WASHINGTON, D.C. -- The Center for Auto Safety (CAS) and Public Citizen today released the results of a successful crash test program to develop a retrofit fuel tank for GM's side saddle pickups, which have killed more people than any other defect in US auto history. The program was funded with a one million contribution by the plaintiff class action attorneys because GM refused to recall or design a replacement tank to stop the death toll.

The retrofit program was established as part of the settlement of a national class action lawsuit in Louisiana in which 5.8 million owners of 1973-91 GM C/K pickups are just now receiving notices from GM for certificates worth $1,000 on the purchase of a new GM vehicle, or $250 or $500 (if no other rebate) if transferred to a third party buying a GM vehicle. Just after the notices were mailed on April 18, 2001, GM went to court to block consumers from selling their certificates to the Certificate Redemption Group (CRG), which is willing to buy them for $100.

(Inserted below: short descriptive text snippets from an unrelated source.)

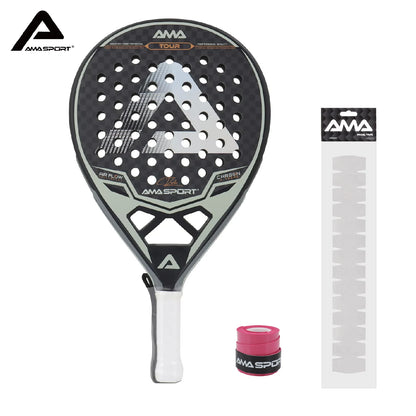 AMASPORT Raquette de padel 12K carbone EVA souple Midium Balance Padel forme de déchirure pour joueurs avancés raquette de tennis de paddle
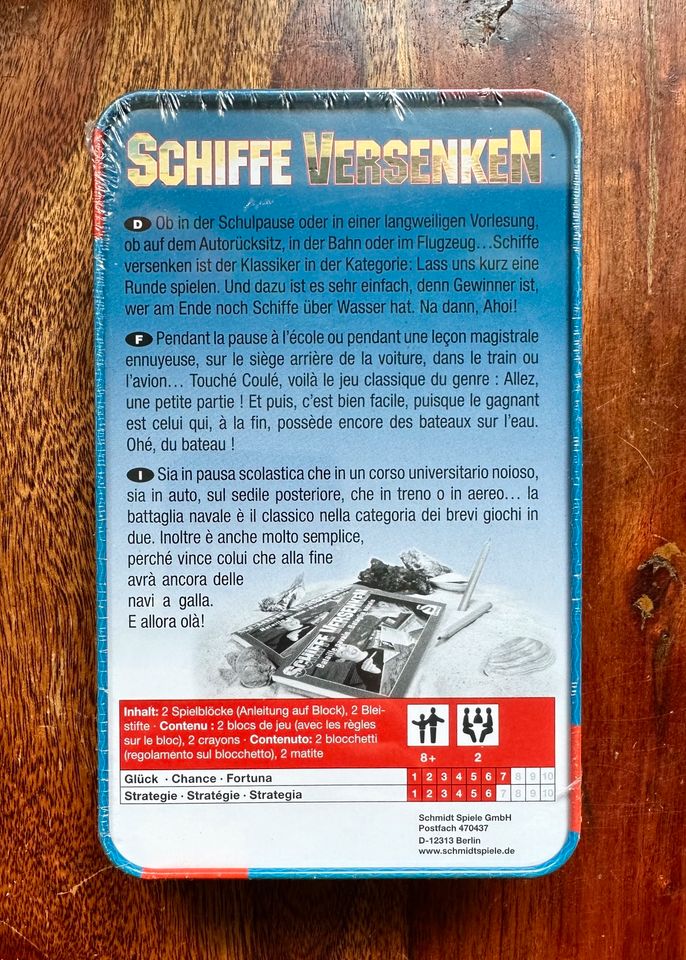 NEUES Spiel ‚Schiffe versenken‘ in Metallbox in Freiburg im Breisgau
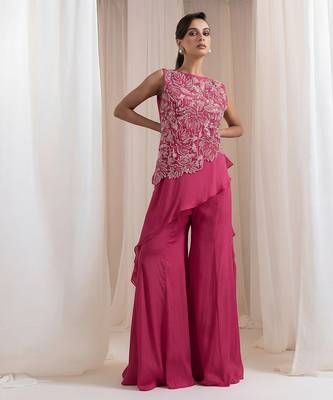 Magenta pink embroidered chinon co ord set 1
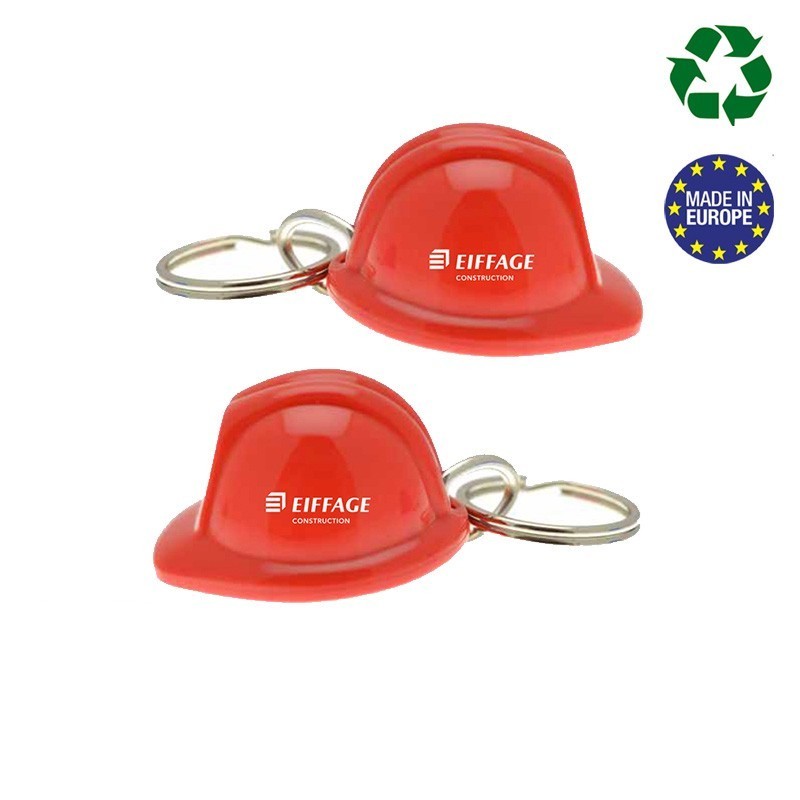 Porte-clés rouge Casque de chantier en acrylique recyclé Eiffage Construction [Lot de 100 pièces]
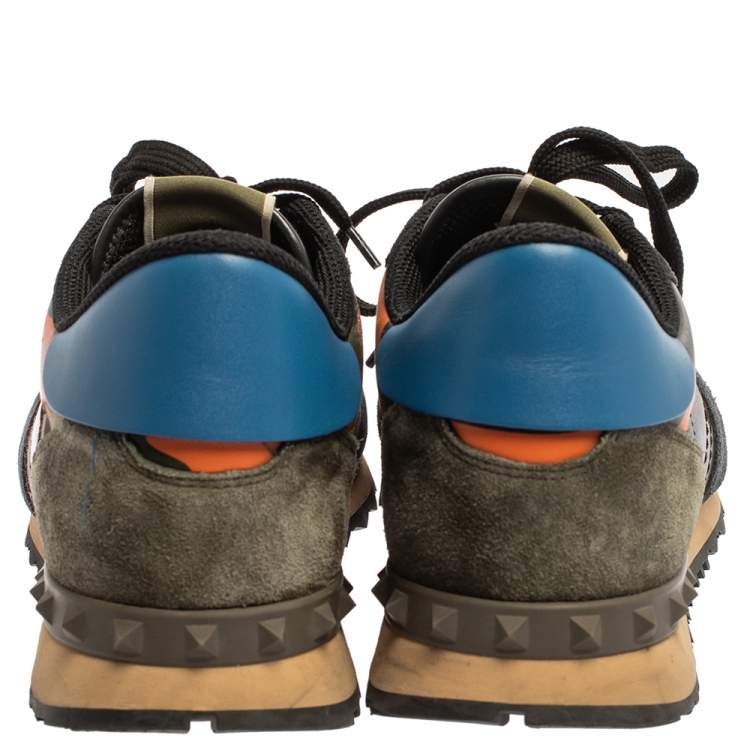 Pre Owned Valentino Multicolor Suede And Leather Camouflage Rockrunner Low Top Sneakers Size 43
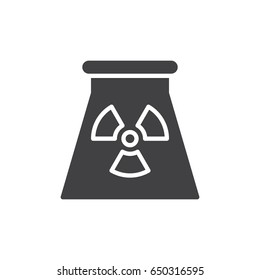 Nuclear power plant icon vector, filled flat sign, solid pictogram isolated on white. Symbol, logo illustration. Pixel perfect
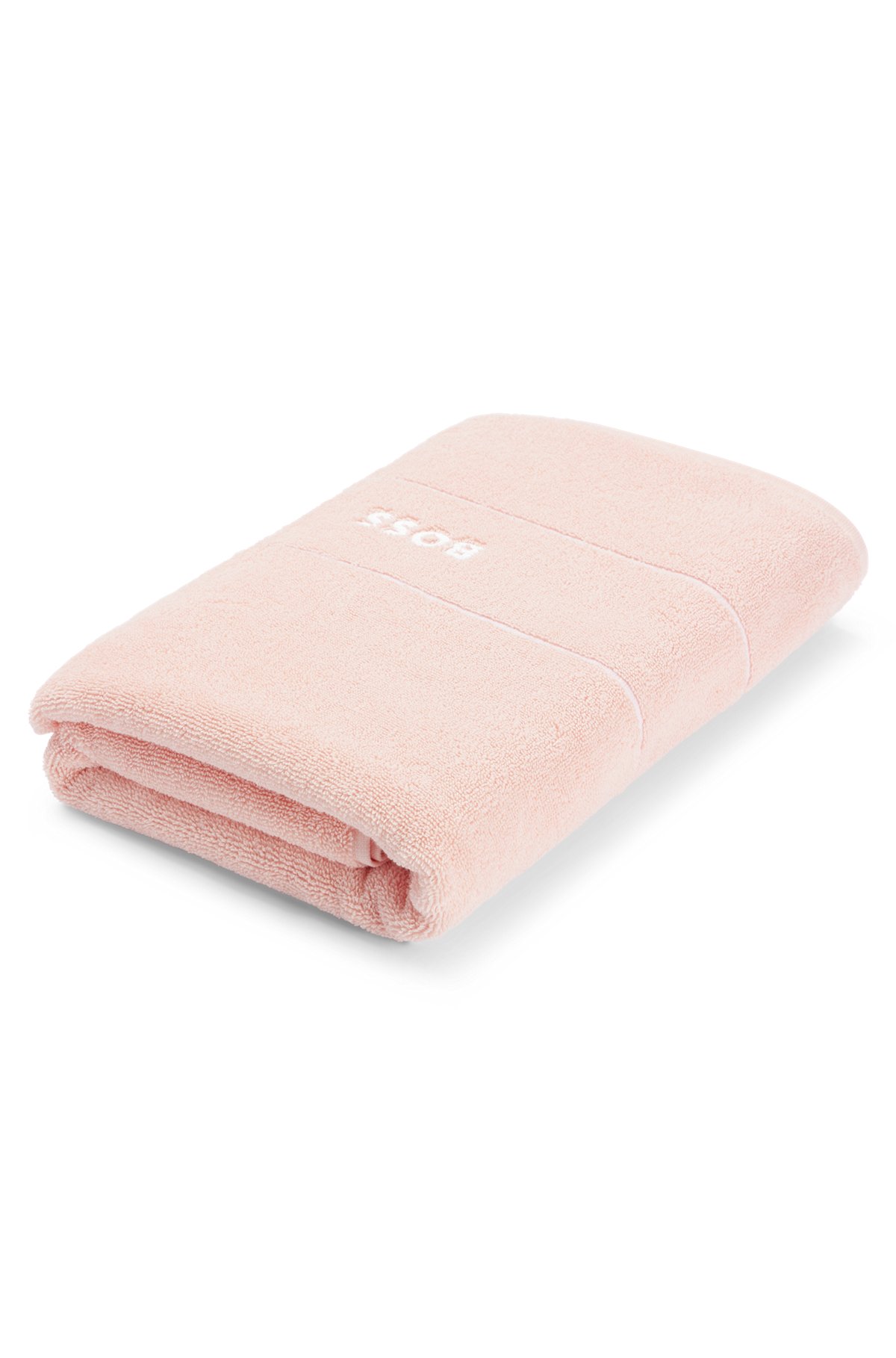 Cotton bath towel with white logo embroidery, Pink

Consumers concerned about the fire hazards of the 1973-87 GM C/K pickups, which have been involved in over 1,800 fire crash fatalities since their introduction in the fall of 1972, can use the money from selling their certificates to offset the cost of the retrofit (approximately $125 if mass produced plus labor). Since December 1994, when the Department of Transportation (DOT) failed to order a recall, over 330 people have been killed in fire crashes of these GM pickups trucks.

The test program was carried out by the Automotive Safety Research Institute (ASRI) in Charlottesville, Va., under the direction of Dr. Kennerly Digges, the court-appointed trustee for the research and a former National Highway Traffic Safety Administration official. The retrofit program used a series of 50 mph angled impacts from a full-size Chevrolet Caprice, a test that DOT used to find the side saddle C/K pickups defective in an initial determination in 1994 because "significant leaks/spray" occurred in side impact crashes. ASRI's research program demonstrated that a retrofit inside-the-frame 19-gallon tank with 50 percent thicker steel gauge would pass DOT's test criteria with no fuel leakage in a 50 mph side impact crash from a 4000# Chevrolet Caprice.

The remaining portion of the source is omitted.